Work instructions:
As the answer, set down the lines below from the one containing "Osmaniye'deki yangından acı" through the one containing "Кожаные браслеты Boho - Описание", exactly and inclusively, and no others.

Data in this exercise:
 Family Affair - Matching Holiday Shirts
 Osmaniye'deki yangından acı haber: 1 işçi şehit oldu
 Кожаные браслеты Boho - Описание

==

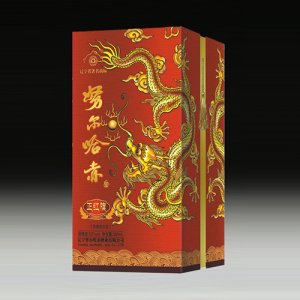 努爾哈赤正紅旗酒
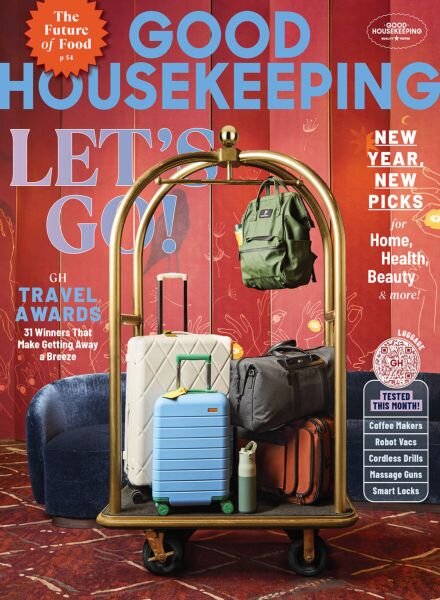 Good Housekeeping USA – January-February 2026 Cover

Response to the task:
 Osmaniye'deki yangından acı haber: 1 işçi şehit oldu
 Кожаные браслеты Boho - Описание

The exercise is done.